Monte Carlo calculations are inherently parallel in nature. At their most basic, they involve the calculation of a large set of independent random numbers and then the averaging over a set of results produced by each of these random numbers. Coupled with the fact that QMC calculations are relatively expensive to perform on todays workstation computers, they are an ideal candidate for porting to parallel architecture machines, which offer two to three orders of magnitude more computational power than a conventional workstation.
All the VMC calculations reported on in this thesis have been performed on the Cray T3D and Hitachi SR2001 Massively Parallel Processing (MPP) machines. Only a few changes to the general VMC algorithm outlined above are required to produce a VMC algorithm that will make efficient use of an MPP machine.

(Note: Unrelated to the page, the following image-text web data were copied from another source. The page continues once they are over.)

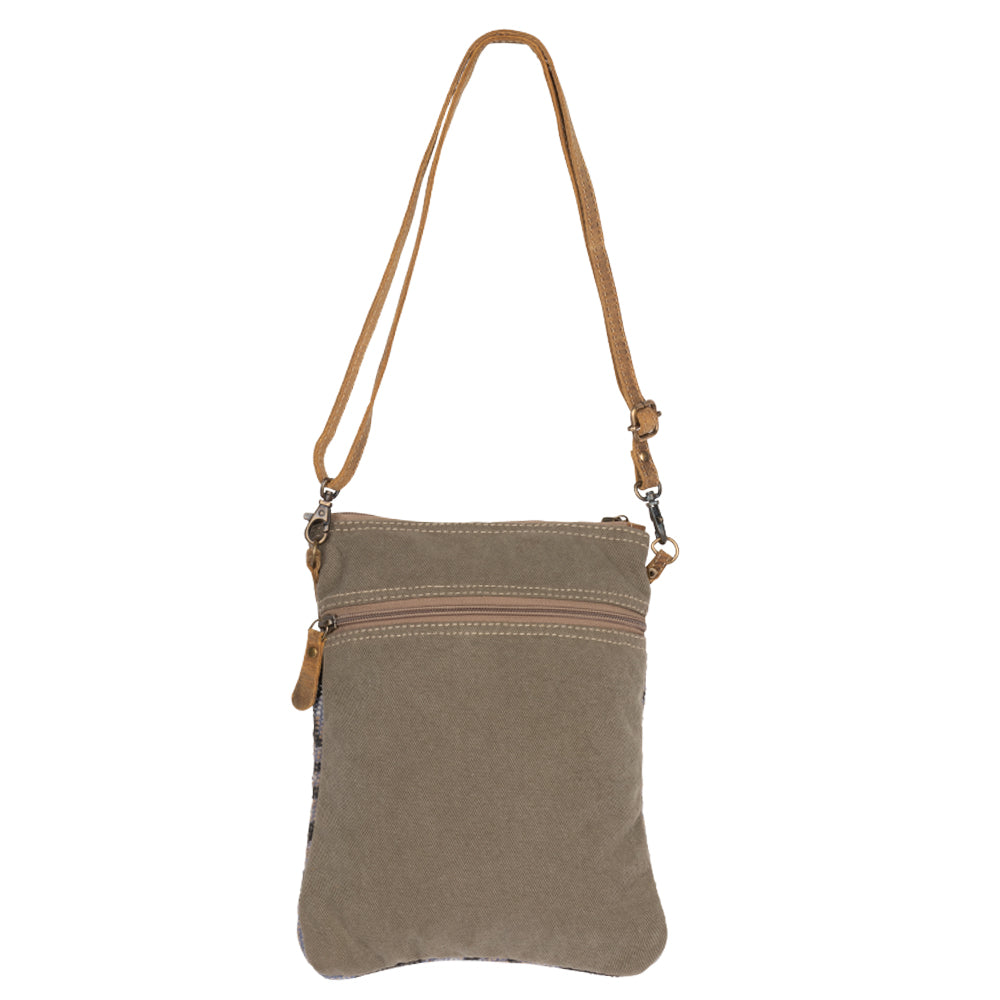 Grey Prism Small & Crossbody Bag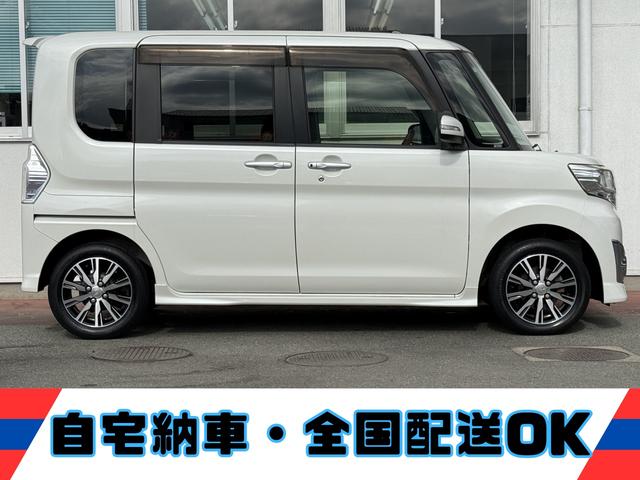 ★スマートアシストＩＩ★スマートキー★プッシュスタート★オートライト★アイドリングストップ★パワースライドドア★純正エアロスタイル★ハーフレザーシート★ミラクルオープンドア★クラリオンナビ★フルセグ★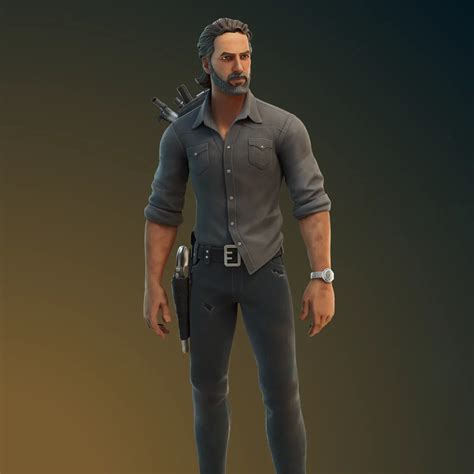 Rick Grimes by EpicGames - TheAltening's Fortnite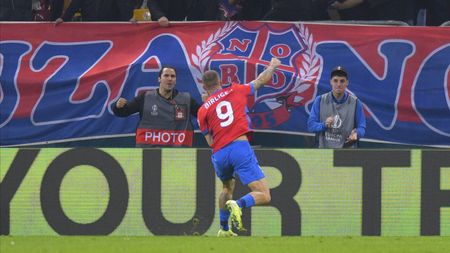 Americanii au oferit 7.000.000 de euro pentru Daniel Bîrligea, iar atacantul i-a transmis clar lui Gigi Becali: „Sunt deschis să joc acolo”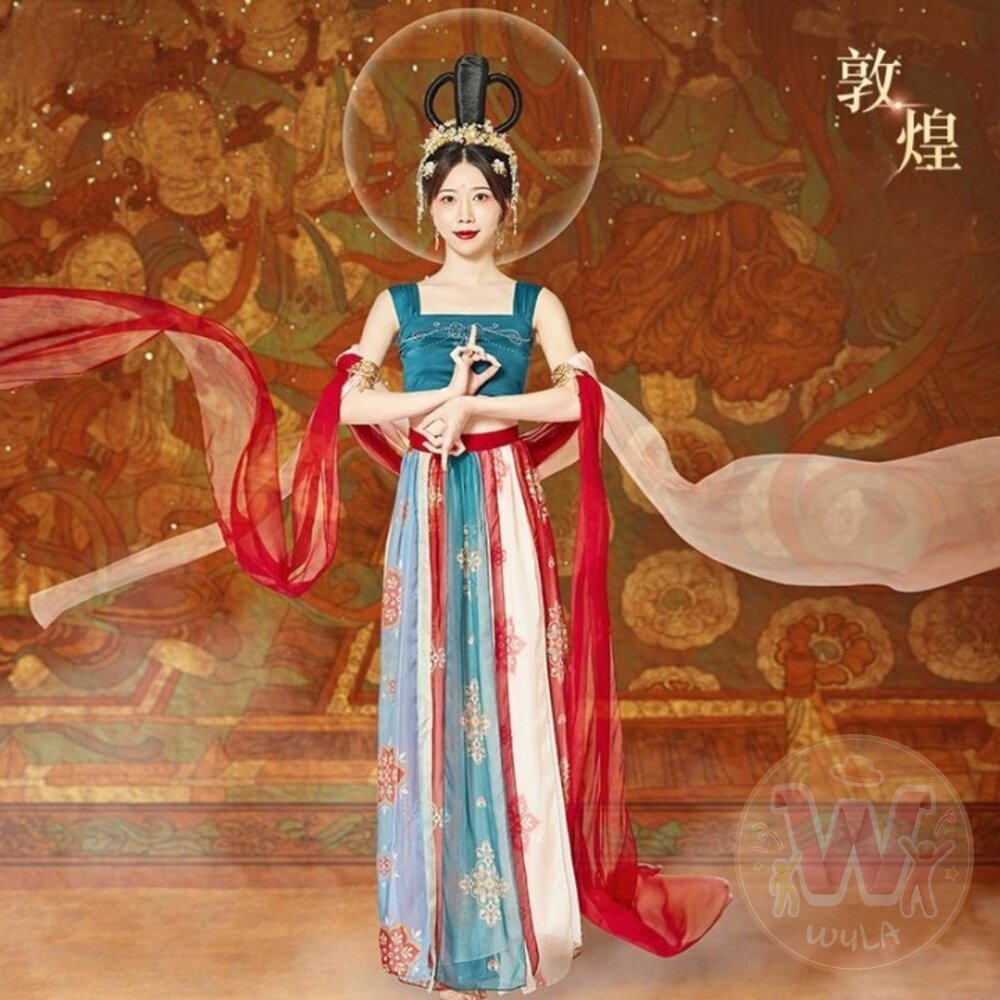 敦煌飛天女神(2色)-圖片-5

The modified parallel algorithm is illustrated in figure . Each processing element on the parallel machine runs its own version of the VMC algorithm. These are made independent of each other by starting the random number generator with a different seed on each node. Care must be taken to ensure that the period of the random number generator is sufficiently long that the sequences of random numbers on each of the nodes do not overlap. This ensures that by the time the equilibration process has finished, the positions of the electrons on each node are not correlated. Each node then accumulates its own set of observables such as the total energy and charge density. At the end of the calculation, these observables are all passed to one node that simply adds them up and takes the mean.
It is not strictly necessary to run through the equilibration stage on each of the nodes. A single node calculation could be used to produce a set of equilibrated configurations of electron positions that could then be used as a starting point for the energy evaluation stage of the process on each of the nodes. In practice, the equilibration stage of the calculation is only a small fraction of the total time and this was therefore not deemed necessary.
The time overhead required to perform the communication between processors for accumulating averages etc. is negligible. Therefore, the parallel efficiency of the algorithm is effectively 100%. This means that on parallel machines with a few hundred processing elements, the algorithm achieves almost linear scaling, i.e. if one doubles the number of processors on which the code is running, the overall wall-clock time required to perform a particular VMC calculation to within a certain specific statistical accuracy is halved.
Figure: Flow chart illustrating the Parallel VMC algorithm. Each individual node is enclosed within the dashed boxes. Only three of the N nodes are shown in the diagram. The initial random seeds are generated on one node and then distributed out to all the other N-1 processing nodes. At the end of each block of energy evaluation moves, averages are taken across all the processors.